Subject: Capital Gains Tax

Question 1

Can the taxpayer defer including a capital gain in relation to the sale of a commercial property until settlement or change of ownership occurs?

Answer

Yes

Question 2

Where the taxpayer amends an earlier tax return to include the capital gain in the year of contract, will any shortfall or general interest charges that may arise be remitted where the amendment is made within one month of settlement?

Answer

Decline to rule

This ruling applies for the following periods:

1 July 2010 to 30 June 2011

The scheme commenced in:

2010

Relevant facts and circumstances

The taxpayer owns a property. The property includes both freehold land and attached buildings.

The taxpayer entered into a contract to sell the above mentioned property to the buyer.

The contract of sale of real estate was signed in the 2011 income tax year. Settlement of the property is due to occur in a later income tax year. The purchaser has paid a percentage deposit with the balance payable on settlement.

Relevant legislative provisions

Income Tax Assessment Act 1997 Section 104-10

Taxation Administration Act 1953 Schedule 1 Subsection 359-35(2)

Reasons for decision

Question 1

Under section 104-10 of the Income Tax Assessment Act 1997 where a property that is not a main residence is sold, a capital gains tax event (CGT event A1) occurs at the time that the contract is signed. Therefore, any capital gain realised must be included in the taxpayer's income tax return in the income year that the contract is signed.

Generally, settlement of a property occurs at a later date and in some cases that date occurs in a later income year to the signing of the contract.

Where the contract is settled in a later year of income the taxpayer is required to include a capital gain or capital loss in the year of income in which the contract is made, not in the year of income in which the contract is settled. This is the Commissioner's view in Taxation Determination TD 94/89.
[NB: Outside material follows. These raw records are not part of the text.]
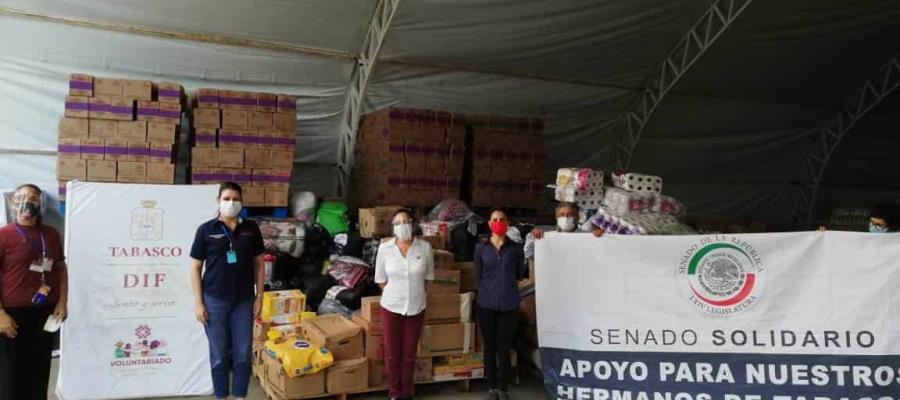 Arriba a Tabasco segundo envío de ayuda humanitaria recolectado en el Senado
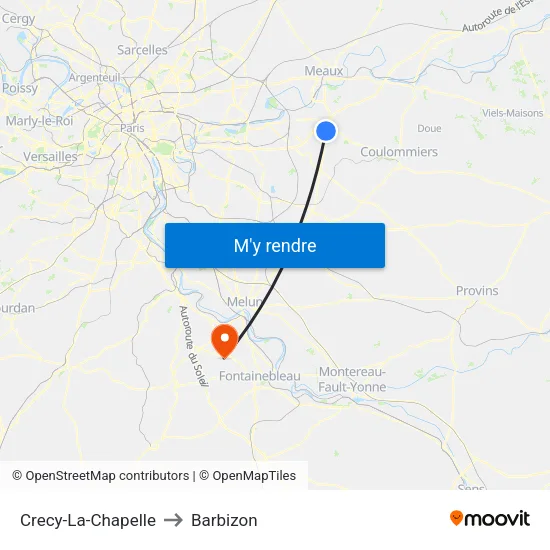 Crecy-La-Chapelle to Barbizon map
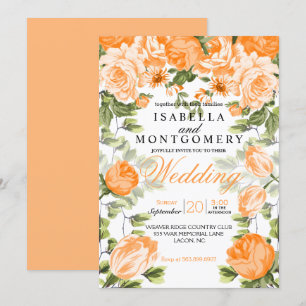 Invitación Boda floral anaranjada botánica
Where the income tax assessment for the year in which the contract was made has already issued it will be the taxpayer's responsibility to amend the assessment once settlement has occurred.

In this case, the taxpayer signed the contract in the 2011 income tax year and the settlement date will be in a later year of tax. Any capital gain or loss will need to be included in the 2011 income tax return. However the taxpayer would not be required to amend that return until the time of settlement.

Question 2

Subsection 359-35(2) of Schedule 1 to the Taxation Administration Act 1953 (TAA) provides that a private ruling does not have to be given if making the ruling would prejudice or unduly restrict the administration of the taxation law. This includes the situation where the application relates to issues that do not affect the taxpayer's income tax liability.

TD 94/89 states that:

    Where an assessment is amended to include a net capital gain, and a liability for interest arises under section 170AA(1), the remission of interest will be dealt with in each case on its own merits. We would expect, however, that the discretion in subsection 170AA (11) would ordinarily be exercised to remit the interest in full where requests for amendment are lodged, and where relevant self-assessments are made within a reasonable time after the date of settlement. In most instances, we would consider a period of one month after settlement would be a reasonable period.

The Commissioner looks at each case individually and makes a decision based on the merits of each case.

The merits of a particular case cannot be determined beforehand as the relevant factors that need to be considered cannot be accurately known until then.